Sebenarnya, kata Djatmiko, sejumlah negara berkembang anggota WTO menginginkan agar bea masuk e-commerce diterapkan. Sebab, sebagian negara masih menggantungkan pendapatan fiskal dari bea masuk.
"Dengan kondisi perekonomian seperti saat ini sepertinya moratorium ini tidak perlu diperpanjang. Karena seperti contoh ada beberapa negara berkembang mereka masih sangat tergantung dari pengenaan pajak bea masuk yang mereka terapkan," kata Djatmiko.
Dengan demikian, kata Djatmiko, Indonesia tidak memiliki pendapatan dari masuknya produk-produk e-commerce asing ke dalam negeri. Menurutnya, kondisi tersebut juga dialami oleh negara-negara lain. Beberapa produk e-commerce asing yang dapat ditemukan di dalam negeri adalah e-Bay, Amazon, dan Alibaba.

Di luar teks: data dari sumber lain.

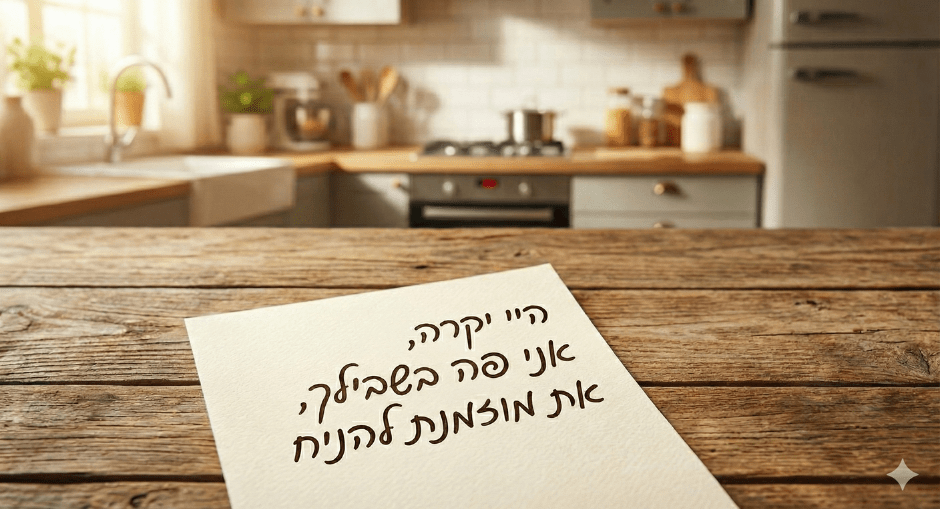 תמונה של פתק מונח על אי במטבח וכתוב עליו היי יקרה, אני פה בשבילך, את מוזמנת להניח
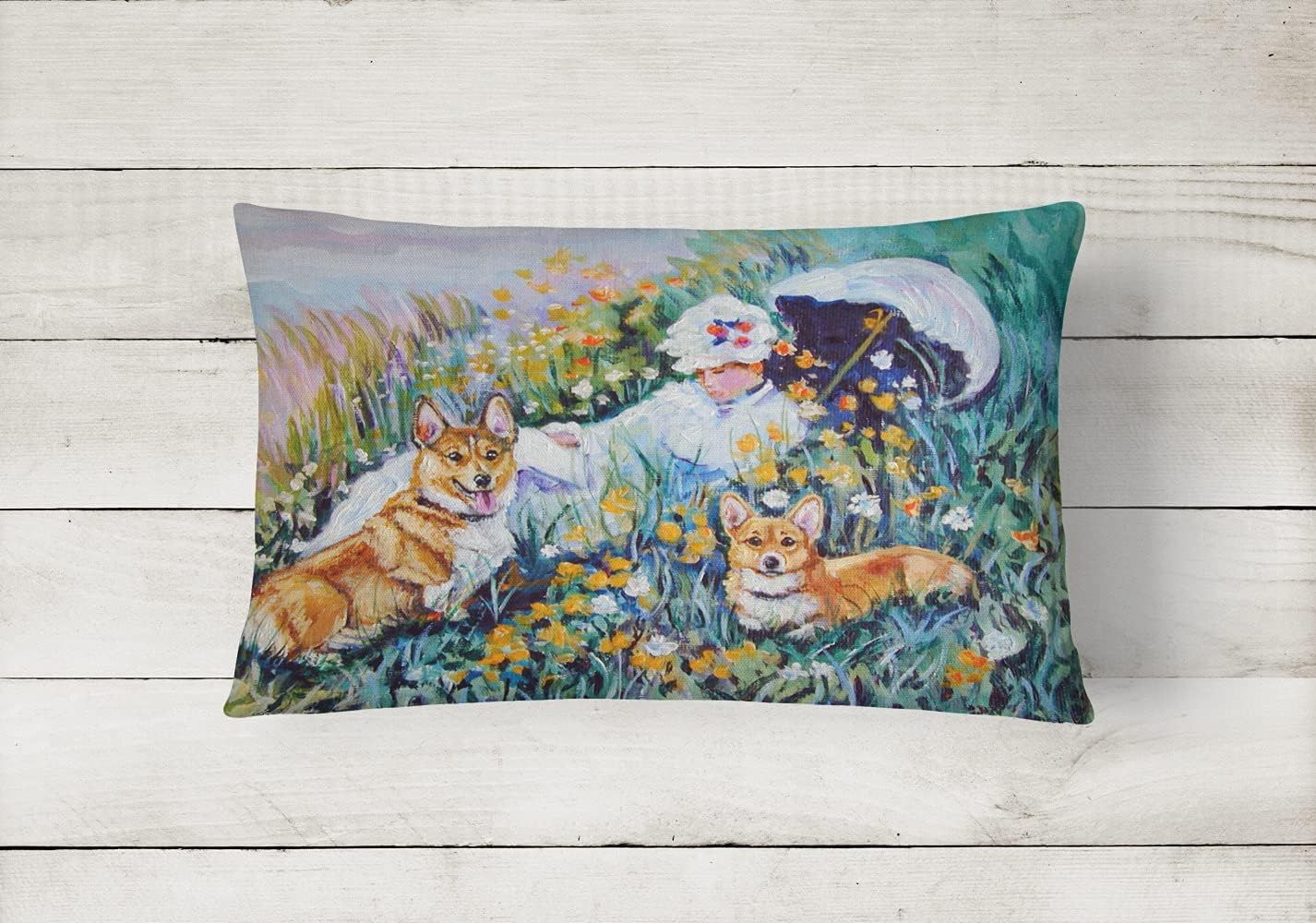 Caroline's Treasures 7324PW1216 Corgi Classics Canvas Fabric Decorative Pillow Machine Washable, Indoor Outdoor Decorative Pillow for Couch, Bed or Patio, 12HX16W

Oleh karena itu menurutnya, perlu ada regulasi baru yang mengatur transaksi elektronik bukan hanya pada pengenaan bea masuk, tapi juga pengelolaannya. "Jadi, jangan ekonomi winner takes all, negara berkembang hanya jadi pasar. Kami ingin ada leveraging, balancing the benefit between all members," kata Djatmiko.
Kerugian miliaran dollar
Seperti dikutip dari Reuters, berdasarkan laporan riset UNCTAD berjudul Growing Trade in Electronic Transmission: Implications for the South yang diterbitkan pada 2019, moratorium tersebut membuat negara ekonomi berkembang kehilangan US$8 miliar pada 2017, sedangkan potensi kehilangan pendapatan para negara maju hanya sekitar US$212 juta.

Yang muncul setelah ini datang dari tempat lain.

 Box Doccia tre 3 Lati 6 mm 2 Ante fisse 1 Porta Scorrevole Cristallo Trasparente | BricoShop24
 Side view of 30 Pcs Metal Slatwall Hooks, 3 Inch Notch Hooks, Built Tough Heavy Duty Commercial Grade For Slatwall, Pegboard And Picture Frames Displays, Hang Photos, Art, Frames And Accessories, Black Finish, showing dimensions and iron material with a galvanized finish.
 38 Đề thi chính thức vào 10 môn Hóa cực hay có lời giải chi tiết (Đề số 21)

Riset UNCTAD juga memperkirakan potensi pendapatan yang hilang akibat larangan pengenaan tarif bea masuk produk digital di tiap negara.
Negara yang potensi kehilangan pendapatannya terbesar adalah India dan Cina. India kehilangan US$497 juta setiap tahun, sedangkan Cina kehilangan US$492 juta. Untuk Indonesia, potensi kehilangan dari pendapatan bea masuk US$54 juta .
Rencana Indonesia, India, dan Afrika Selatan untuk menolak perpanjangan moratorium membuat perusahaan teknologi global kelimpungan. Sebanyak 108 asosiasi perusahaan teknologi, menurut Reuters, termasuk di India dan Indonesia bersurat kepada WTO mendesak adanya pembaruan moratorium. Jika tidak dilakukan, mereka mengatakan terjadi kemunduran untuk WTO dan juga merusak pemulihan global.